Thursday, June 20, 2024

You Are Not Alone

 


June is Male Mental Health Awareness Month, and Father’s Day also falls in June in many parts of the world.

Around 2002, I worked as a junior staff member in this big company, with multiple departments on multiple floors. My department (around a dozen people) was located next to another (around four-five dozen). The workflow sequence was from ours to theirs. I don’t need to liaise with them in Department 2 since I only did technical presentation work exclusive to Department 1. Still, I know their faces and sometimes their names because we shared communal facilities, and there were some team-building activities now and then.

I had a small lunch group of around five people or less. Sometimes, one or two people from Department 2 would join us, but it was rare. I didn’t really enjoy lunch for personal reasons (story for another day) and because working-hour lunch was hellish. Everywhere was jampacked, it was always rushed, it was harder to secure a table for a group, and before you finished half of your food, other patrons would stand behind you to wait for your seats. I don’t exaggerate this; it’s still happening now. So, the food court was a nightmare, but that was what most of us could afford.

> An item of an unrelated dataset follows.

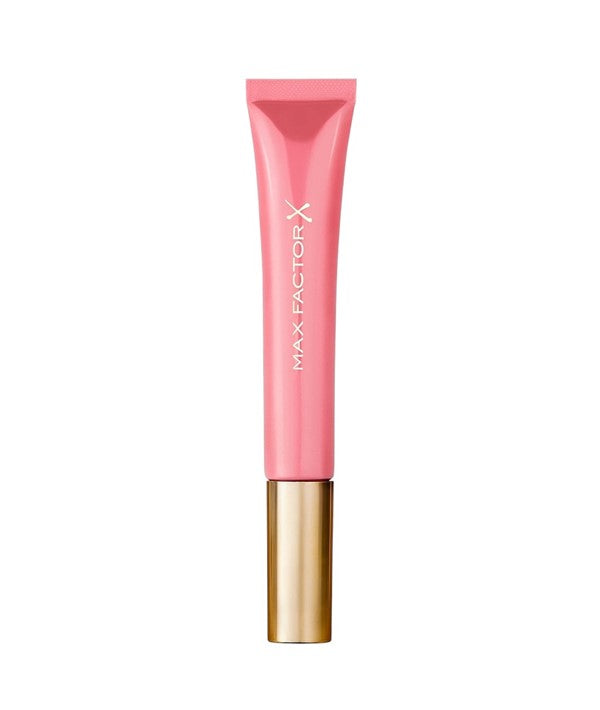 Max Factor  Colour Elixir Cushion Lip Gloss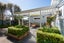 21 Mitchell Street, Brooklyn, Wellington - Carousel 4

One day, this middle-aged guy from 2 invited us for lunch in a more private restaurant. He had ‘booked’ us the day before. I knew him only from passing interactions as a nice, hardworking, quiet, respected, and polite guy. Sometimes, we exchanged small talk in the pantry, but I never had lunch with him. I wasn’t sure; it was only my first year, and most likely, one or two guys in my group had. Anyway, it was nice to have a peaceful meal once in a while, sitting in a comfortable restaurant without needing to rush. I didn’t know he could be very social and chatty; he was friendly and seemed happy to know us better.

The day after, he jumped to his death from his high-rise apartment.

He was a father of two, and no one, not even people who were so-called close to him, expected that. Twenty-two years now, it still makes me sad to think about how nobody knew what he was going through. I still don’t know why, and out of respect, I didn’t go around and ask. Most people just speculated, and it became a blurred line between reality and assumption.

I don’t need anyone to scream at me about depression doesn’t recognize gender etc. While it’s true, it’s also true that many men decide to face it themselves because they feel they can’t talk about it without prejudice. Sometimes, it’s a stigma, sometimes, they don’t think they have good support around them, and sometimes, they actually don’t have anyone to help them. Although the roles have shifted, most responsible men hold big burdens on their shoulders about what they should be in the family and society and work hard to be the pillar for everyone. It’s very tough, and I really respect them for that. I could only wish that everyone else could also be the pillar for them when they need it.